A Sleaford area recycling business has opened its doors to the public as it bids to expand its operations to cope with a growing market.

Mid UK Recycling held the open day last Friday for local residents and neighbours to look around their 25-acre Barkston Heath site to gain a better understanding of what they do and explain their 10-year plan for the future in which the family firm hope to expand by another 20 acres, employing an additional 200 people to the 400 already employed.

Managing Director of Mid UK Recycling, Chris Mountain, with a heap of shredded textiles destined for recycling as fuel. EMN-150112-135243001
Managing Director of Mid UK Recycling, Chris Mountain, with a heap of shredded textiles destined for recycling as fuel.
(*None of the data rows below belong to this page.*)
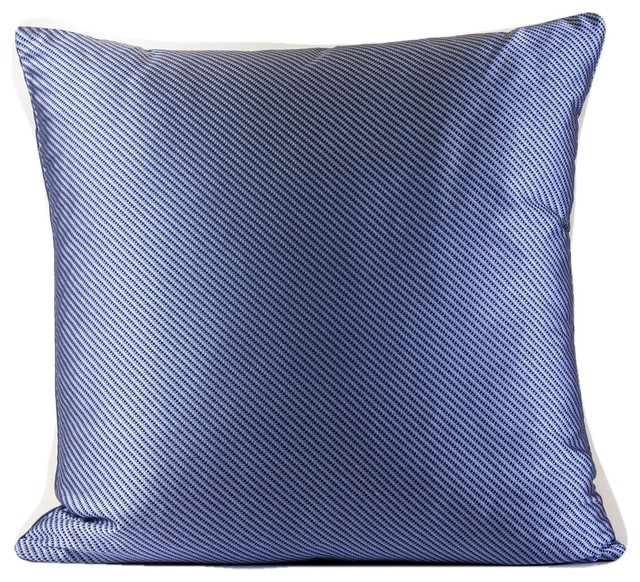 Blue Silk Throw Pillow, Decorative Pillow Cover, 22x22 Contemporary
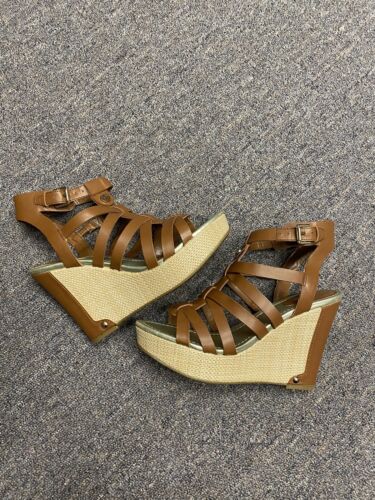 Liz Claiborne Platform Wedges Women 7 Sandals LC Crete Brown Tan Strappy Heels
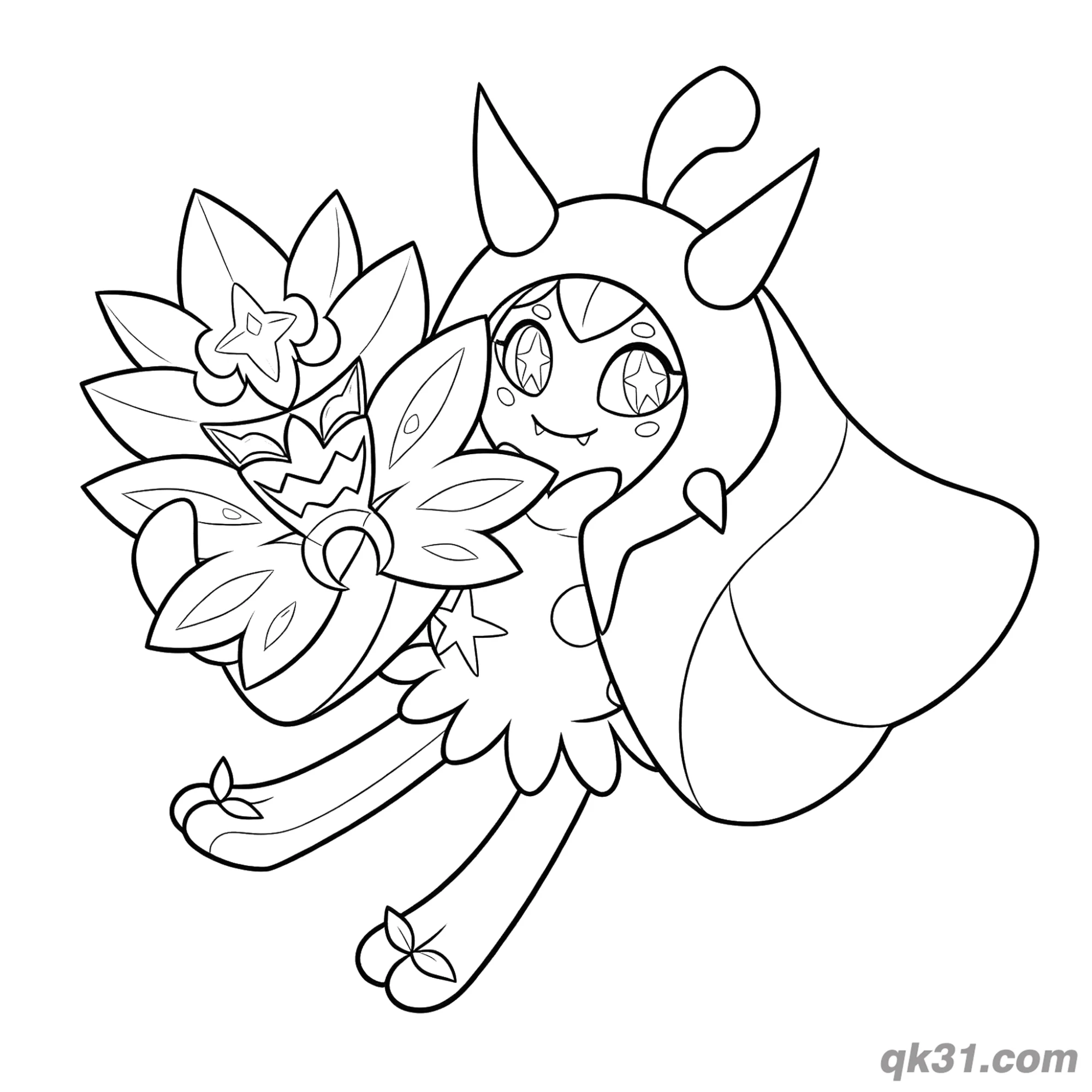 免费 厄诡椪戴碧绿面具奔跑简笔画涂色页 简笔画涂色页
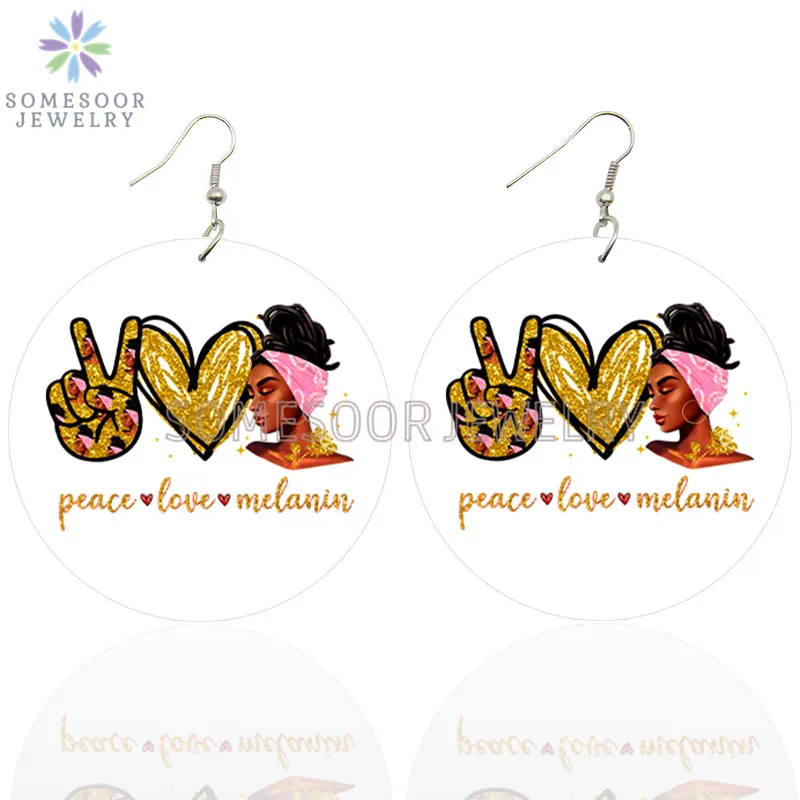 Peace Love Melanin Sista Afrocentric Wooden Earrings Drop.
EMN-150112-135243001

Part of this is down to the need for additional storage space under new fire regulations which was seen as even more important after a major fire in July which caused disruption to local roads, burning for over a week.

A new filtration lagoon would catch water run off and allow for water to be recycled by firefighters. Hoses have also been installed throughout the site, along with concrete dividers and sprinkler systems.

Managing Director Chris Mountain said: “The problem with the waste industry is nobody really wants us here but everybody generates waste and it needs to be processed. The industry has been landfill-based but now it is about products.”

To that end the company, which started in 1994, has invested in its own purpose-built workshops, designers and laboratories to develop and quality-control a range of recycled products. These range from cat litter, cement curing agents and oil spill absorbants from granulated plasterboard, to Solid Recovered Fuel to power cement works from compressed rubbish and waste carpets which also have all the backing and metal fragments filtered out and recycled. That way, nothing has to go to landfill.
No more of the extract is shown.